Opinion
July 12, 1985
Appeal from the Supreme Court, Monroe County, Conway, J.
Present — Dillon, P.J., Doerr, Boomer, O'Donnell and Pine, JJ.
Order unanimously affirmed, without costs. Memorandum: Defendant Kielon is a gunsmith. Either he or one of his employees sold gunpowder to 15- and 17-year-old brothers. The 15 year old attempted to construct a pipe bomb in the basement of his home; the powder exploded and he was fatally injured. A wrongful death action was commenced against Kielon, and he tendered the defense of the suit to plaintiff, his liability insurer. Plaintiff thereafter brought this action for declaratory judgment, seeking a declaration that it has no duty to defend or indemnify Kielon. The complaint alleges that the action is excluded from coverage under the policy's "products hazard" exclusion, and that defendant Kielon violated the condition of the policy requiring the insured to give notice of the occurrence "as soon as practicable".

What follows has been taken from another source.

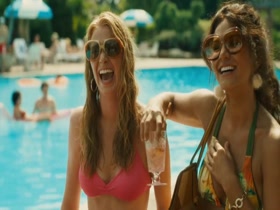 Kati Sharp & Frances Eve in Vinyl s01e07 (2016) 10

In his answer, Kielon denied that the accident is not covered under the policy and denied giving late notice of the occurrence. He asserted counterclaims and affirmative defenses which, in sum, allege that the policy, by indorsement or by understanding, either did or should have insured against "products hazard".

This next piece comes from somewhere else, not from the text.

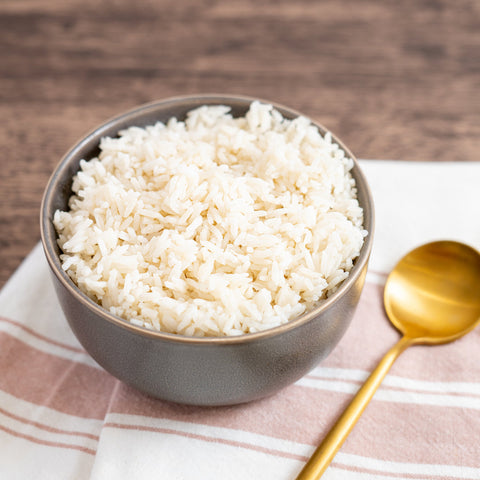 Jasmine Rice - Stock Your Freezer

Special Term refused to grant either party summary judgment, ruling that while the policy, as written, excluded coverage of the accident, a declaration to that effect must await determination of Kielon's counterclaims and affirmative defenses. The court also withheld a declaration on the issue of timeliness of notice pending a factual hearing. Kielon appeals from that part of the order holding that the accident is not covered by the policy as written, and plaintiff cross-appeals from that part of the order denying it summary judgment on the issue of timeliness of notice.
The relevant part of the insuring clause provides: "The Company will pay on behalf of the insured all sums which the insured shall become legally obligated to pay as damages because of bodily injury or property damage to which this insurance applies, caused by an occurrence, and arising out of the ownership, maintenance or use of the insured premises and all operations necessary or incidental to the business of the named insured conducted at or from the insured premises".

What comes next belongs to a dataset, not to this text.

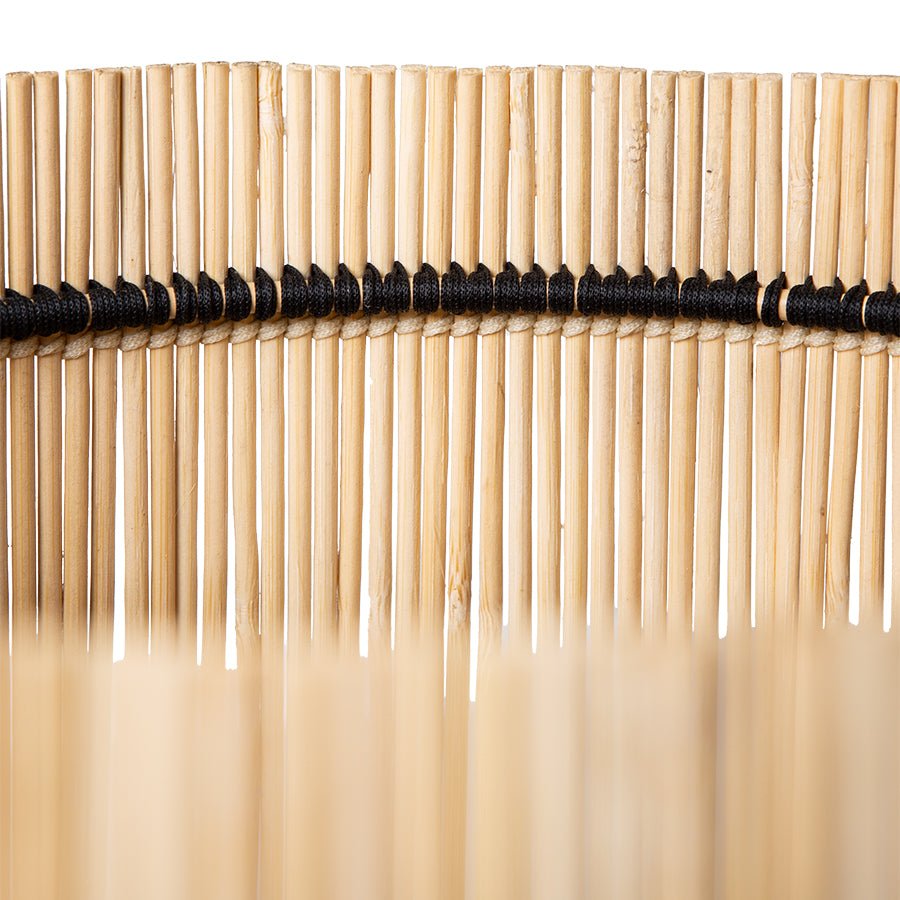 Lámpara Bamboo - CasaSoyer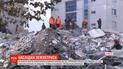 Новые подземные толчки зафиксировали в Албании - вследствие стихии погибли 30 человек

By indorsement, however, the policy excludes from coverage "products hazard", which is defined as: "bodily injury and property damage arising out of the named insured's products or reliance upon a representation or warranty made at any time with respect thereto, but only if the bodily injury or property damage occurs away from premises owned by or rented to the named insured and after physical possession of such products has been relinquished to others".
Kielon argues that the "products hazard" exclusion applies only to defective products, and since it is unquestioned that the gunpowder here was not defective, the exclusion is inapplicable. While there is case authority in other jurisdictions to support that argument ( see, McGinnis v. Fidelity Cas. Co., 276 Cal.App.2d 15, 80 Cal.Rptr. 482; Farm Bur. Mut. Ins. Co. v. Lyon, 528 S.W.2d 932 [Ark]; Florida Farm Bur. Mut. Ins. Co. v. Gaskins, 405 So.2d 1013 [Fla]), no New York authority is cited. It is well settled that where an exclusionary clause is found to be unambiguous, it must be given its plain and ordinary meaning ( Novak v. All City Ins. Co., 43 N.Y.2d 854). In Sears Oil Co. v Merchants Ins. Group ( 88 A.D.2d 753), we found that a products hazard clause indistinguishable from the clause at bar was unambiguous and excluded coverage. The same conclusion must be reached here. The injury arose out of the insured's product and it occurred away from the insured's premises after physical possession of the product had been relinquished to decedent and his brother. On these undisputed facts, Special Term correctly ruled that the policy, as written, excludes coverage of the accident.
We have reviewed plaintiff's cross appeal and we agree with Special Term that a factual issue was presented as to whether Kielon gave notice of the occurrence "as soon as practicable".